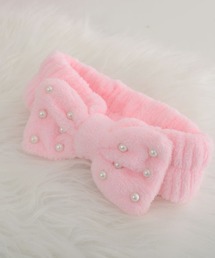 【float】ふわふわ もこもこ パール リボン ヘアバンド【11色展開】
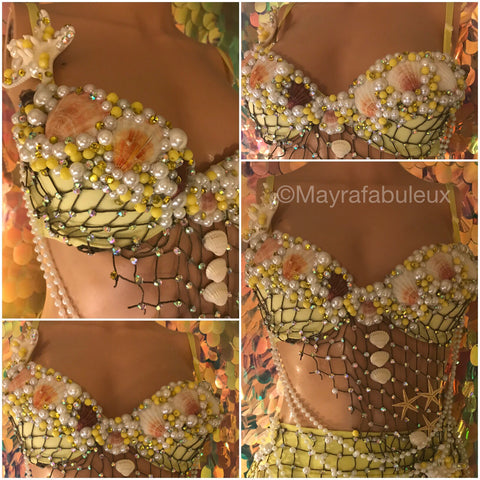 Yellow Mermaid Rave Bra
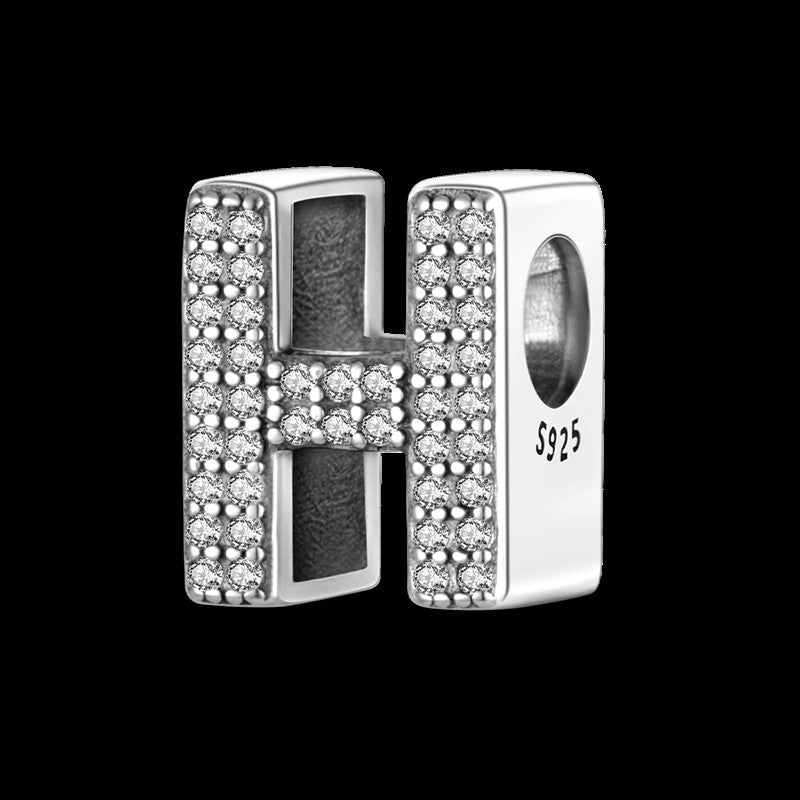 Fit Original Bangle Bracelet DIY A-Z Alphabet Charms Bead 925 Sterling Silver CZ Zircon LOVE Letter Dangle Pendant Jewelry Gift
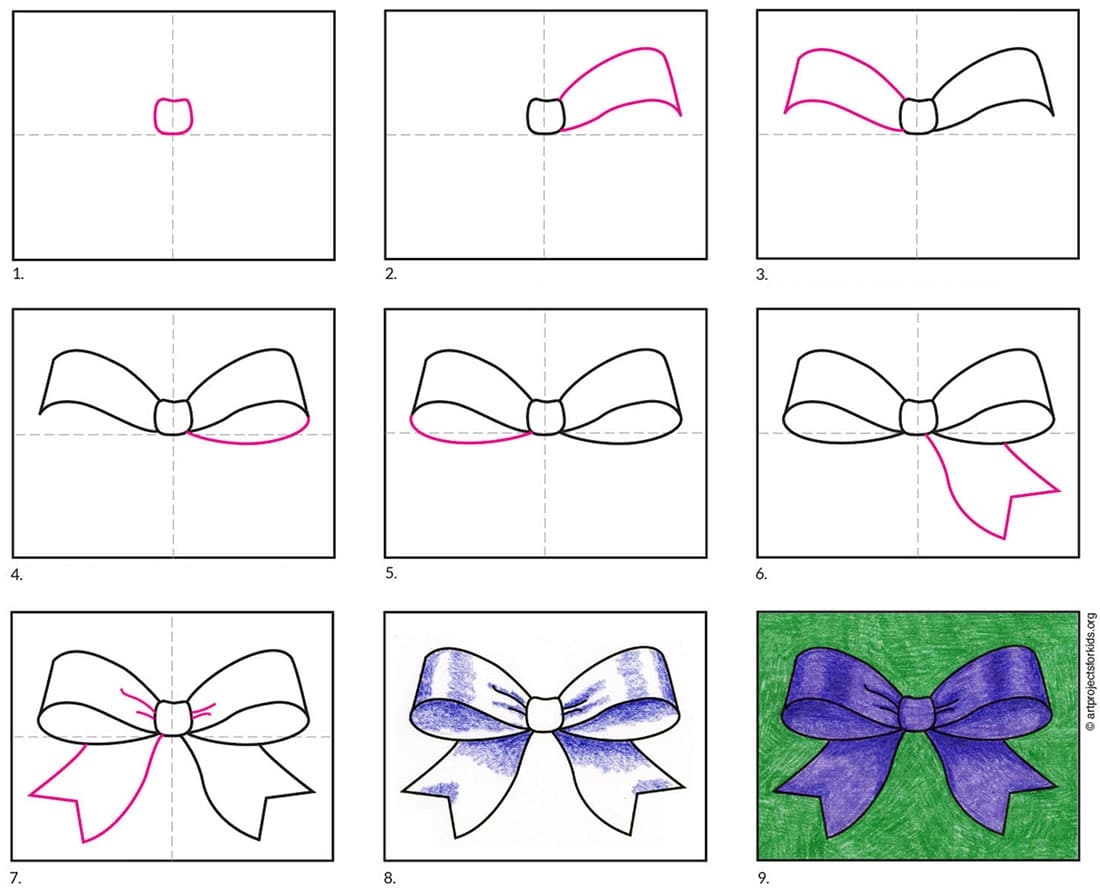 Easy How To Draw A Bow Tutorial And Bow Coloring Page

(What this task involves) Print each line above exactly as it appears, excluding all images.

(Solution to the exercise)
 【float】ふわふわ もこもこ パール リボン ヘアバンド【11色展開】
 Yellow Mermaid Rave Bra
 Fit Original Bangle Bracelet DIY A-Z Alphabet Charms Bead 925 Sterling Silver CZ Zircon LOVE Letter Dangle Pendant Jewelry Gift
 Easy How To Draw A Bow Tutorial And Bow Coloring Page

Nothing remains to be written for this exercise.